▶ **Your instructions**
The line containing "Hot Mixology, hot" marks the end: extract everything from the first line of the data through that line, exactly, with no pictures.

▶ **Source data**
____________________
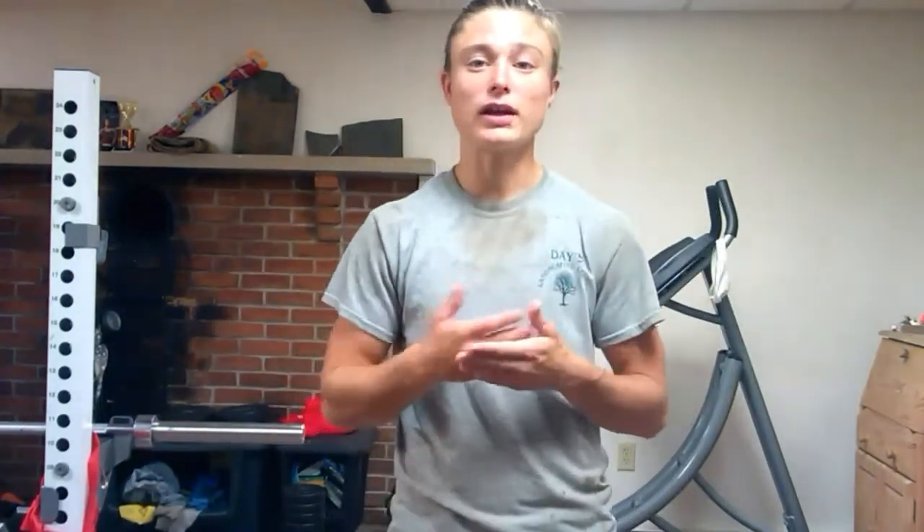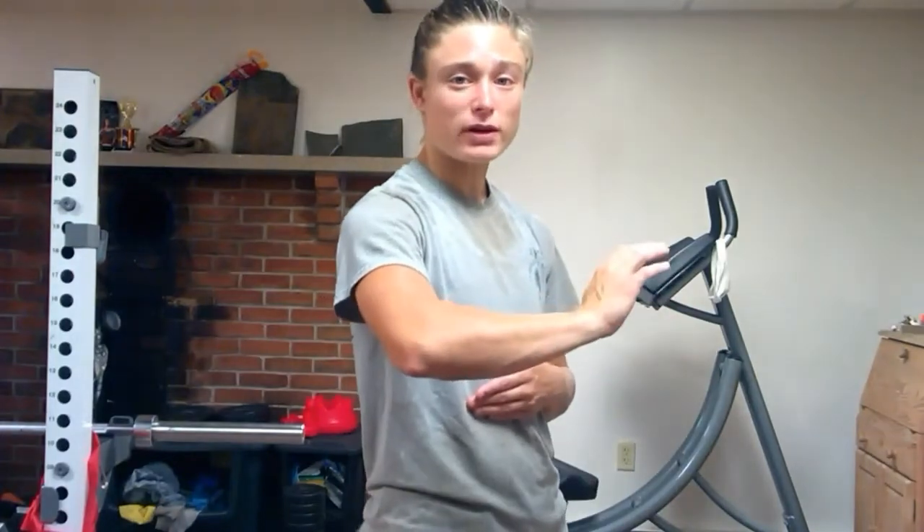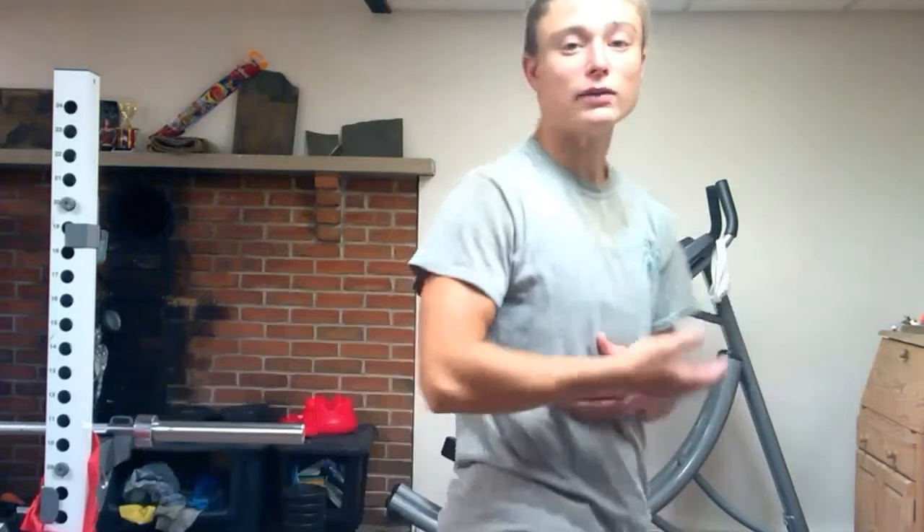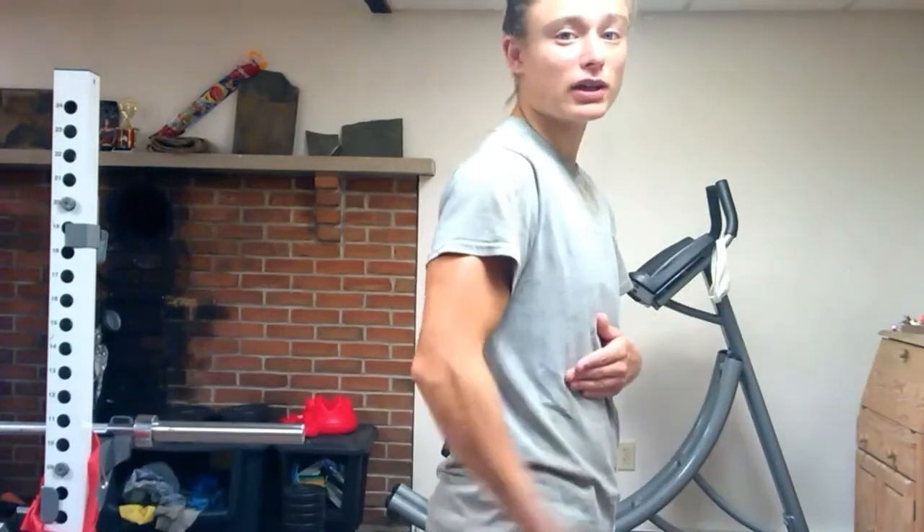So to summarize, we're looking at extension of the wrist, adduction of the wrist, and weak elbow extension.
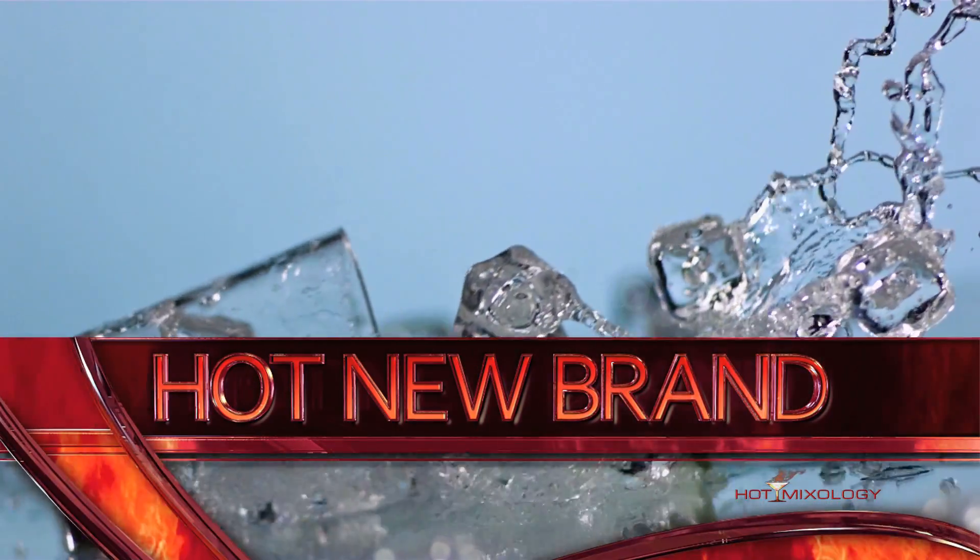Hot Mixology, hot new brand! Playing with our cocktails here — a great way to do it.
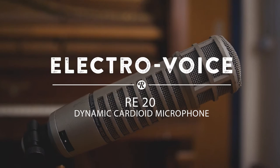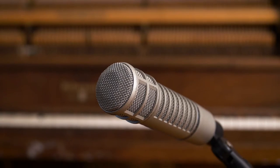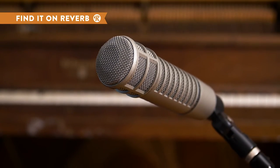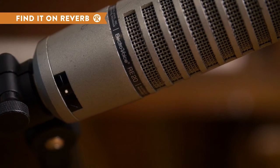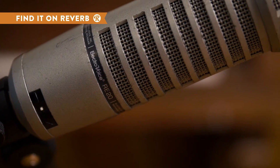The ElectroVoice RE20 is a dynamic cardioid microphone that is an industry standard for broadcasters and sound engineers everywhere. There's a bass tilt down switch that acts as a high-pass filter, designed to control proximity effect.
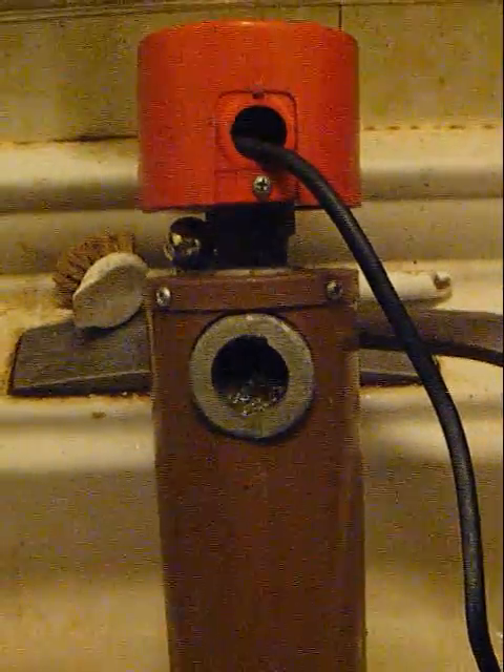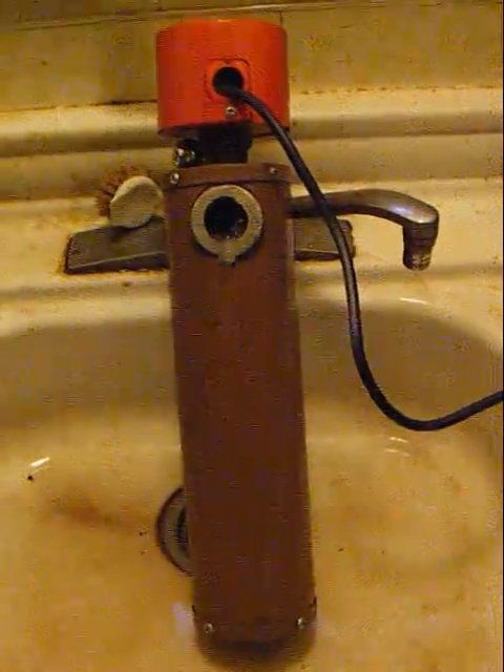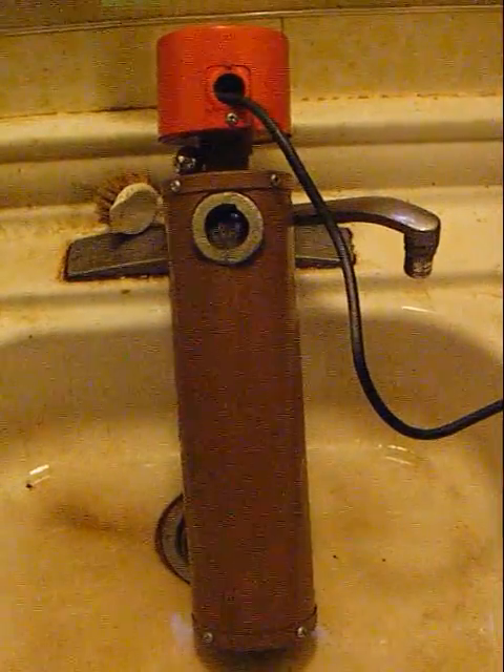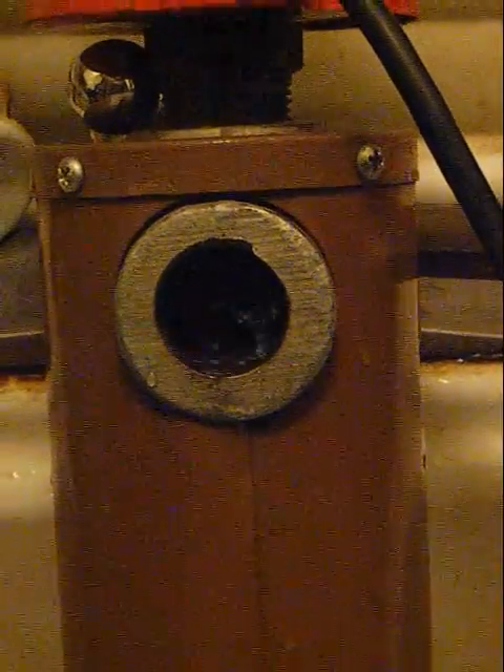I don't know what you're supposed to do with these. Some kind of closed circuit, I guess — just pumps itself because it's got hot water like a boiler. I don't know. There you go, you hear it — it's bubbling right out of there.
____________________
▶ **Task response**
So to summarize, we're looking at extension of the wrist, adduction of the wrist, and weak elbow extension.
Hot Mixology, hot new brand! Playing with our cocktails here — a great way to do it.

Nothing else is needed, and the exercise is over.